Extended Data Fig. 9. Spacing between TFs can coordinately guide transcription initiation. Additional examples of TF-TF interaction.

a, Model for TF-mediated RNA Polymerase II initiation and coordinated TSS selection by activator TFs NRF1 and Sp1 based on their spatial preferences. TSRs containing both b, YY1 and Sp1 binding sites, c, NRF1 and ZBTB7A (LRF) binding sites, and d, NFY and Sp1 binding sites, sorted by the distance between the TF binding sites with csRNA-seq initiation levels shown in forward (red) and reverse (blue) direction. The impact of YY1, NRF1, and NFY siRNA knockdown on activity for + strand TSSs are shown on the right with upregulated TSSs shown in green and downregulated TSSs in purple. TSS patterns and their regulation at YY1 and Sp1 binding sites containing loci reflect the unique preferred initiation profiles associated with the YY1 and Sp1 binding sites (b), while TSS patterns between the ZBTB7A and NRF1 binding sites show little to no interaction (c). d, Analysis of the Sp1 and NFY in mouse fibroblasts suggests conservation of position-dependent collaborative TF function across mammals.

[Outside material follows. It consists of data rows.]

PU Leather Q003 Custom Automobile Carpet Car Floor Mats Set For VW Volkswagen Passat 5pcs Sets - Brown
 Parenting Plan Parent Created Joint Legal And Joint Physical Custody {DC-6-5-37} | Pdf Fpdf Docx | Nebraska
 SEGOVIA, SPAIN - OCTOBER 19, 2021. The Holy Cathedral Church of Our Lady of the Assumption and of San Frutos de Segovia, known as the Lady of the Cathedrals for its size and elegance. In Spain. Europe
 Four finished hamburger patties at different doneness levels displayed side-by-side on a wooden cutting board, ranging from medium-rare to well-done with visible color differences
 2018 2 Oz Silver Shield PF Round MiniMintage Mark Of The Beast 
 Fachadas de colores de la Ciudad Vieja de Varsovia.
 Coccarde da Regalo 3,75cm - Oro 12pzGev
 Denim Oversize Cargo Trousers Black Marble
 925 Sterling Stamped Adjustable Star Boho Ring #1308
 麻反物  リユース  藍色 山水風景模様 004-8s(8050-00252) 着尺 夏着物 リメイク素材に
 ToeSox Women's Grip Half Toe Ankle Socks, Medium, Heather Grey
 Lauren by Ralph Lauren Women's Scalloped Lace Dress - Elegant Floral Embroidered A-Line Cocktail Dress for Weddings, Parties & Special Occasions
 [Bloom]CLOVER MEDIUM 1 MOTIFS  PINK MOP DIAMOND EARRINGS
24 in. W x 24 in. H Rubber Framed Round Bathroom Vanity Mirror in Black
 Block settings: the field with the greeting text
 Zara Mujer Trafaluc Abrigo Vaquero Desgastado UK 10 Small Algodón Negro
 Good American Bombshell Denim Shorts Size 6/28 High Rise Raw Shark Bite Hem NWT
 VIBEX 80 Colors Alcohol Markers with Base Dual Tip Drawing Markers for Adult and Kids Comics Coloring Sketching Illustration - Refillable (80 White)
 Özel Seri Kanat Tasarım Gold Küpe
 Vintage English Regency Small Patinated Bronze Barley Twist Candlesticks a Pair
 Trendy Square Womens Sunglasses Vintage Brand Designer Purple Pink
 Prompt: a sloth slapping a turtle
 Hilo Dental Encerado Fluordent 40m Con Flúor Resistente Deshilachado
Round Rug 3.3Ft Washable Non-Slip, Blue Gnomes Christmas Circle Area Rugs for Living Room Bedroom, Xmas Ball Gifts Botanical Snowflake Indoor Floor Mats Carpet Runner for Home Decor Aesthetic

Extended Data Fig. 10. Position-dependent TF function in human health and disease.

a, Disease-associated variant rs11122174, identified through GWAS, is found within an NRF1 binding site and displays position-dependent changes in tssQTL significance relative to nearby TSS. b,c, Massively parallel mutation analysis of human regulatory elements reveals position-dependent TF function. Mutations of preferentially positioned TF binding sites result in loss of transcriptional activity (b), while mutation of TF binding sites in vicinity to TSSs lead to ectopic TSSs (c, derepression), demonstrating the dual, position-dependent function of NFY, Sp1, NRF1, and YY1 in human regulatory elements. Mutation of TSS-proximal TF binding sites was also associated with notable changes in TSS selection and thus alternative 5’UTRs, a hallmark of many diseases. d, Relationship of TF binding site position and impact on TSS selection: Mutation of TF binding sites near TSS or within their naturally enriched positions had the strongest effect on the TSS pattern of regulatory elements while those outside thereof, had less impact.